Your objective: The material below holds pictures; leave them out and reproduce exactly the lines from the one with "Moda Loris Kadın" through the one with "Form EXC-T004 Commerce", inclusive.

(Records for processing Opens)

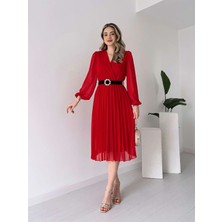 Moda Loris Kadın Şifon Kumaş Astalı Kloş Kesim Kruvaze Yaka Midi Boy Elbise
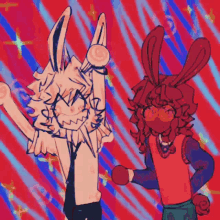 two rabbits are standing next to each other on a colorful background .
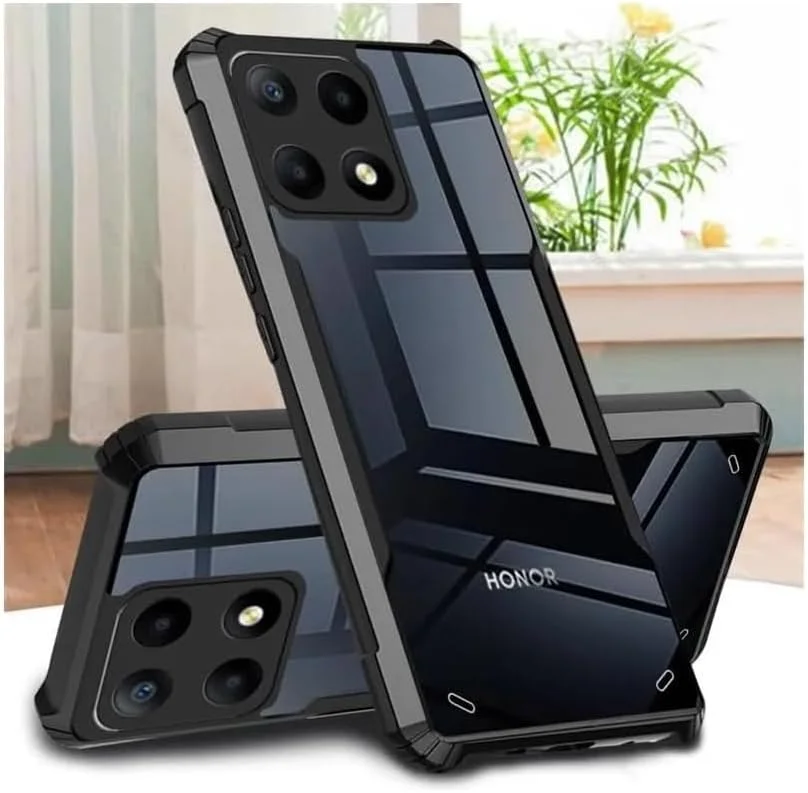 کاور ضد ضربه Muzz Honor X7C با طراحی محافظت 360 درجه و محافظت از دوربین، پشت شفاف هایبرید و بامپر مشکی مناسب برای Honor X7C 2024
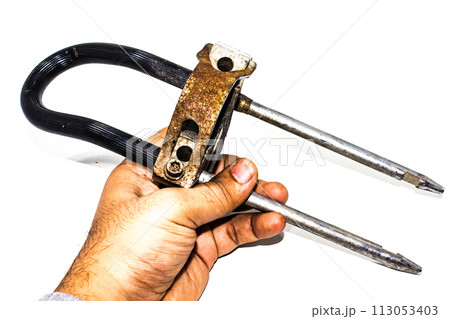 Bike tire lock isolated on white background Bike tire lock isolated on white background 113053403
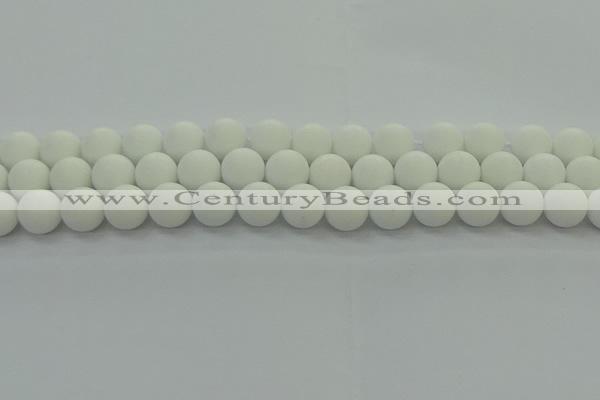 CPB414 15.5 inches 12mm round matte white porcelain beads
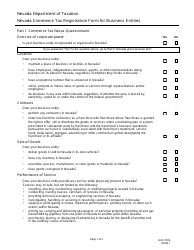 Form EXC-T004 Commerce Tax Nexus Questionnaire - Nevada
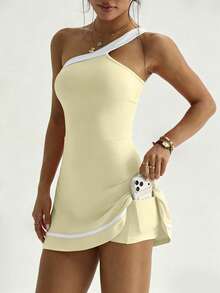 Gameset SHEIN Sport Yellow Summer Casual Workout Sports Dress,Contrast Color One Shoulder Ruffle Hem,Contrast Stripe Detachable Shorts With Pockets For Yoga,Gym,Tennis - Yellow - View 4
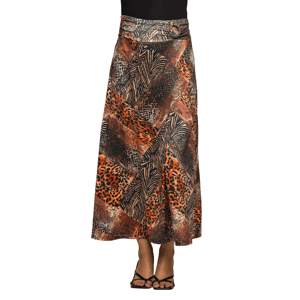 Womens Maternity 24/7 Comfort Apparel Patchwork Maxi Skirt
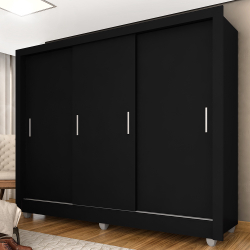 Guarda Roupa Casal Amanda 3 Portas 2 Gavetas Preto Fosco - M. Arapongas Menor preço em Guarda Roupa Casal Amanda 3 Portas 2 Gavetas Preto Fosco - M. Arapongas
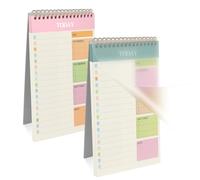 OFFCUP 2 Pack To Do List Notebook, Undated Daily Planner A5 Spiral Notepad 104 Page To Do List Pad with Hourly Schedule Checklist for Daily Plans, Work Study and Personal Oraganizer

(Records for processing Closes)
(Records for processing Opens)

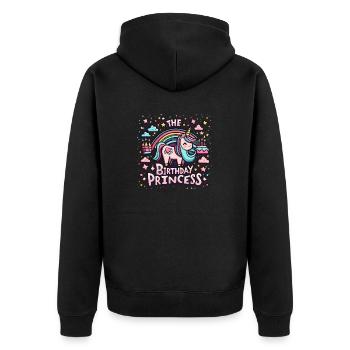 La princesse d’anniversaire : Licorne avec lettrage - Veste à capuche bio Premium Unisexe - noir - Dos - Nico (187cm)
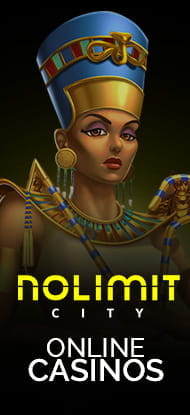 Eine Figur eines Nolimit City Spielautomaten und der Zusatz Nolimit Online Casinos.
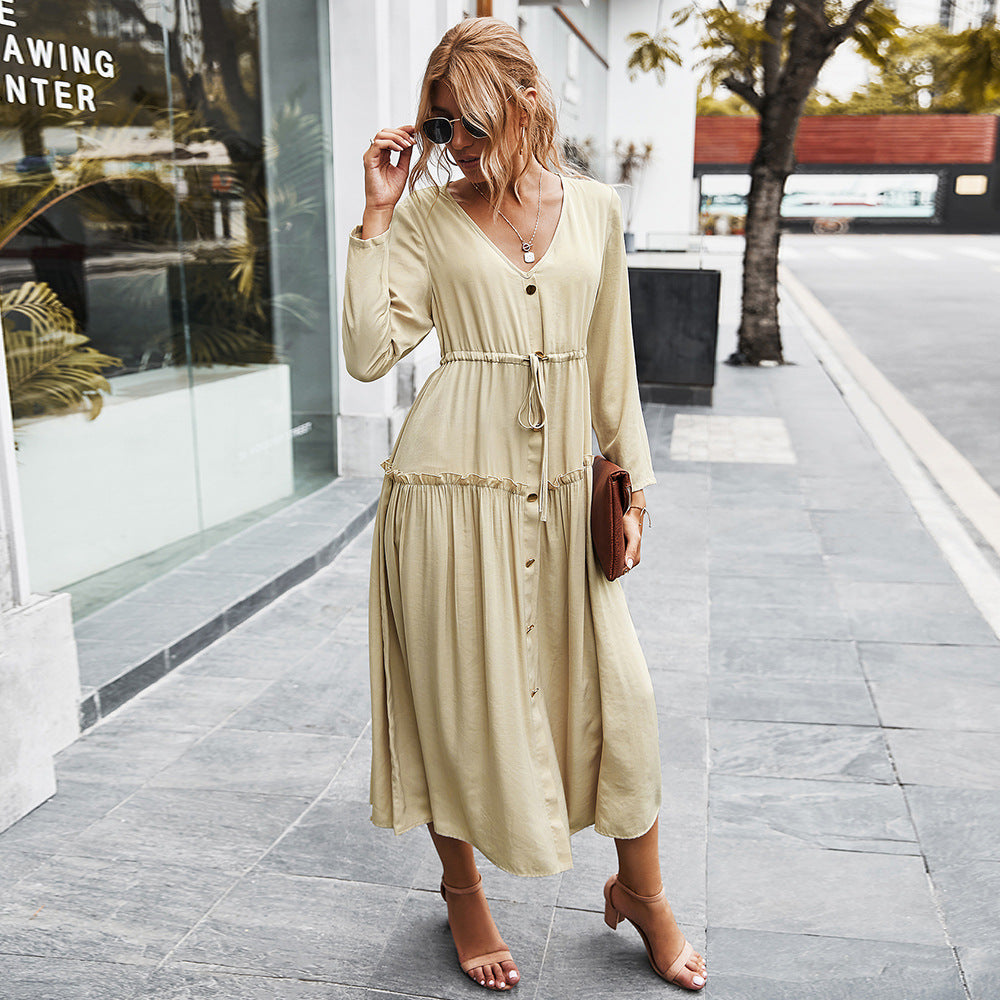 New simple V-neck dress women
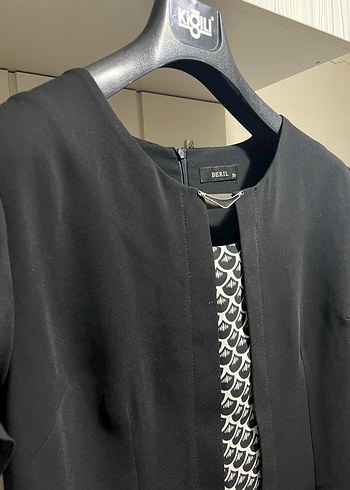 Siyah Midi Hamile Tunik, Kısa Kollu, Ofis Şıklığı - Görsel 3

(Records for processing Closes)

Finished exercise:
 Moda Loris Kadın Şifon Kumaş Astalı Kloş Kesim Kruvaze Yaka Midi Boy Elbise
 two rabbits are standing next to each other on a colorful background .
 کاور ضد ضربه Muzz Honor X7C با طراحی محافظت 360 درجه و محافظت از دوربین، پشت شفاف هایبرید و بامپر مشکی مناسب برای Honor X7C 2024
 Bike tire lock isolated on white background Bike tire lock isolated on white background 113053403
 CPB414 15.5 inches 12mm round matte white porcelain beads
 Form EXC-T004 Commerce Tax Nexus Questionnaire - Nevada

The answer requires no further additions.